> [Activity]: Using the records below, write out only the lines from the line containing "Melatonin Pura 1,9" up to and including the line containing "Nike Jordan Air", exactly, with no pictures.

> [Material supplied]:

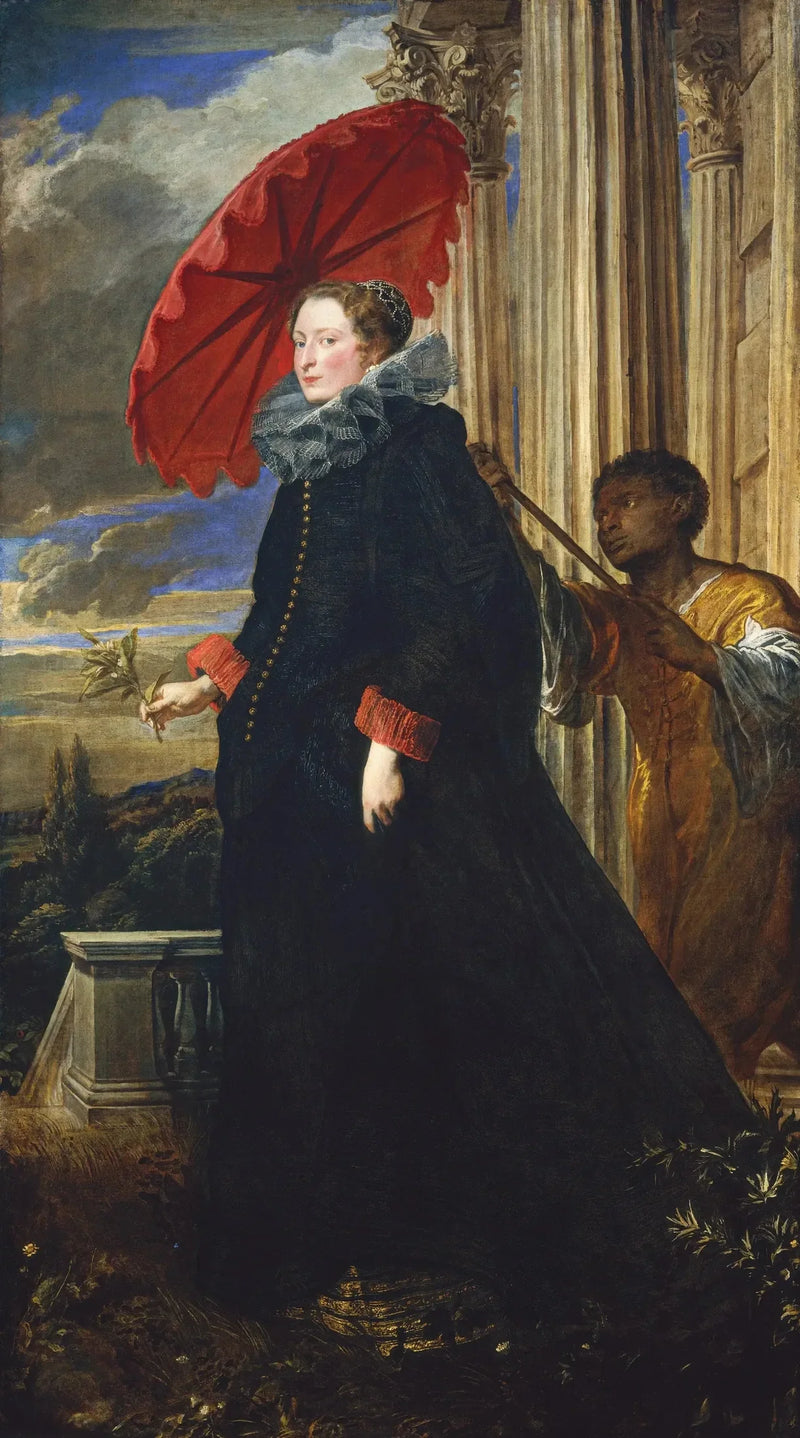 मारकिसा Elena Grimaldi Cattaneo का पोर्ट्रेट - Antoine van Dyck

---

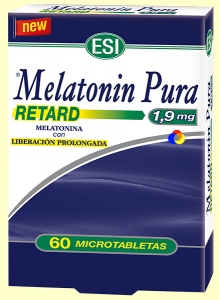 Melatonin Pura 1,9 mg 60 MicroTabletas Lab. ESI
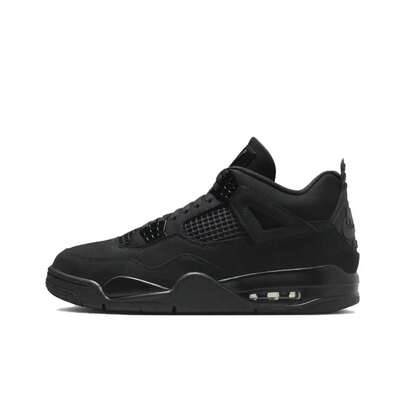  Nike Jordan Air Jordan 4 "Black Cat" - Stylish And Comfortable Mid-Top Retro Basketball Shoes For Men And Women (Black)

> [Exercise result]:
 Melatonin Pura 1,9 mg 60 MicroTabletas Lab. ESI
  Nike Jordan Air Jordan 4 "Black Cat" - Stylish And Comfortable Mid-Top Retro Basketball Shoes For Men And Women (Black)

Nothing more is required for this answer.